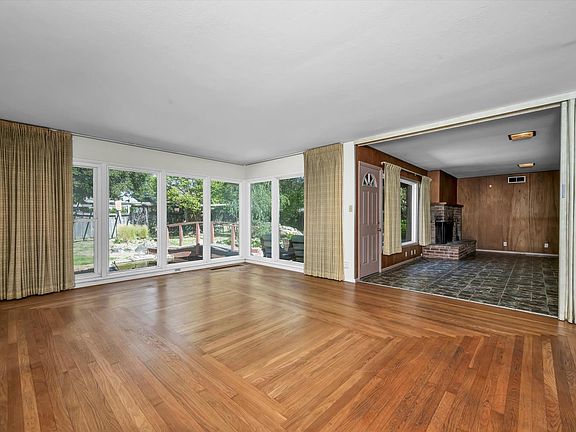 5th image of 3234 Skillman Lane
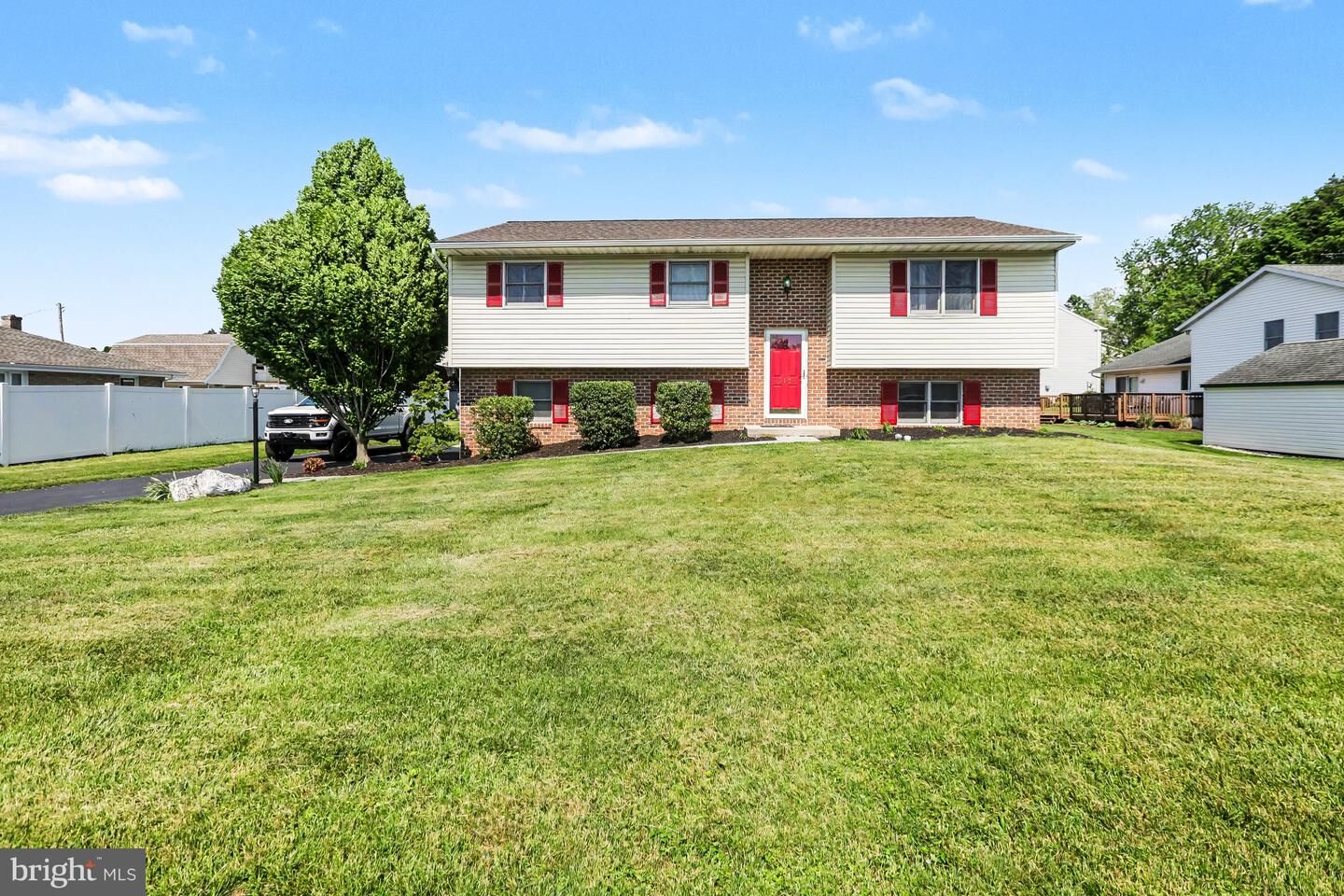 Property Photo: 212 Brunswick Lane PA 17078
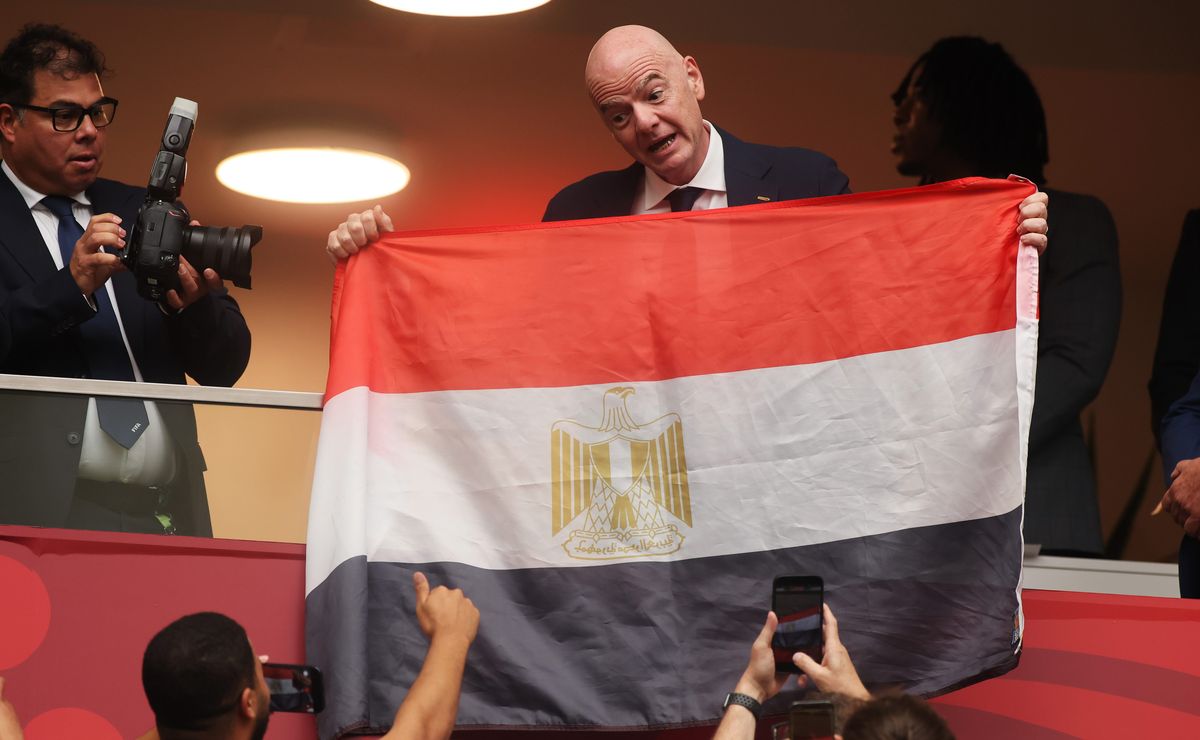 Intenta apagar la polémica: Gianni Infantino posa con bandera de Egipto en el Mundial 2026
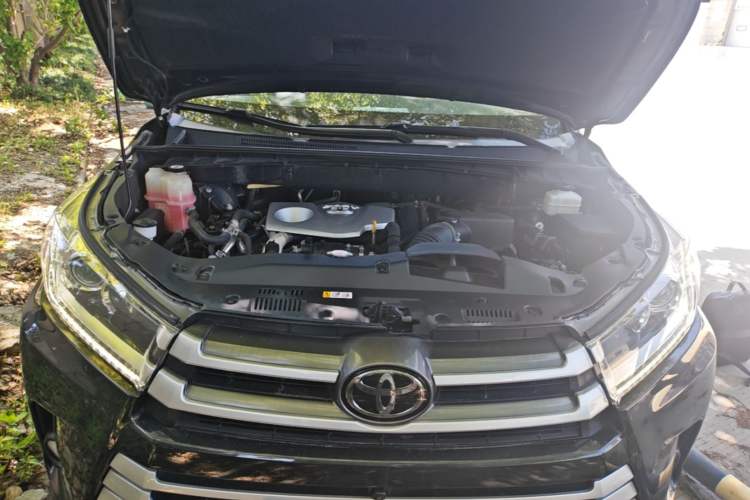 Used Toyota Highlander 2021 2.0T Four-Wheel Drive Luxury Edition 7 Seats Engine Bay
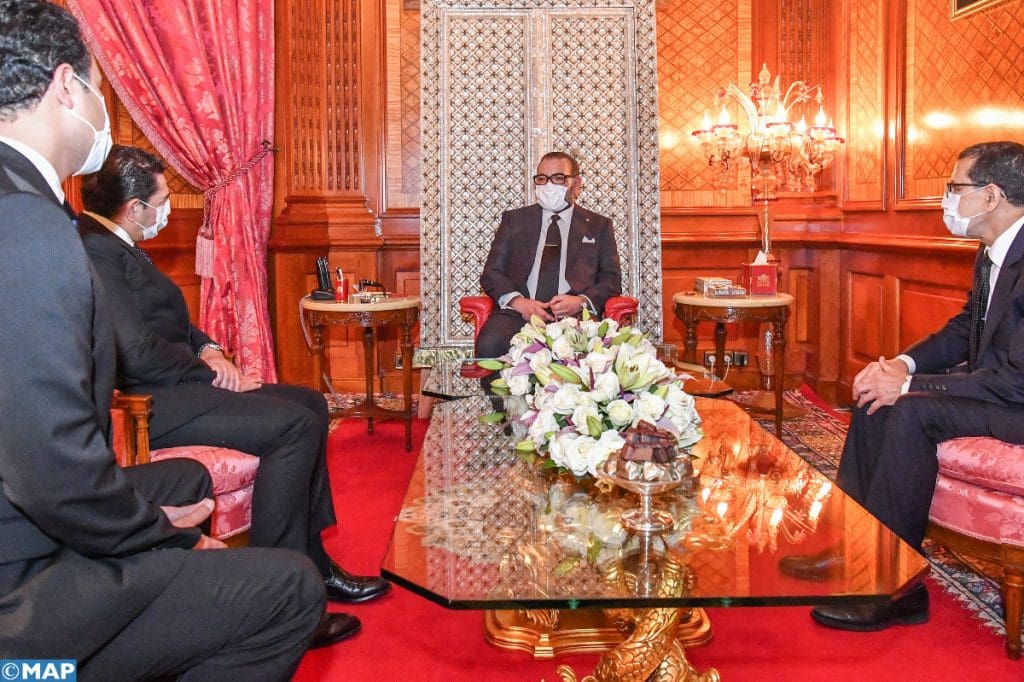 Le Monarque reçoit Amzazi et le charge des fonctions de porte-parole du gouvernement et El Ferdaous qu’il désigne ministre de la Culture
·····
Work required
Except for the pictures, print the data above exactly.

Expected answer
 5th image of 3234 Skillman Lane
 Property Photo: 212 Brunswick Lane PA 17078
 Intenta apagar la polémica: Gianni Infantino posa con bandera de Egipto en el Mundial 2026
 Used Toyota Highlander 2021 2.0T Four-Wheel Drive Luxury Edition 7 Seats Engine Bay
 Le Monarque reçoit Amzazi et le charge des fonctions de porte-parole du gouvernement et El Ferdaous qu’il désigne ministre de la Culture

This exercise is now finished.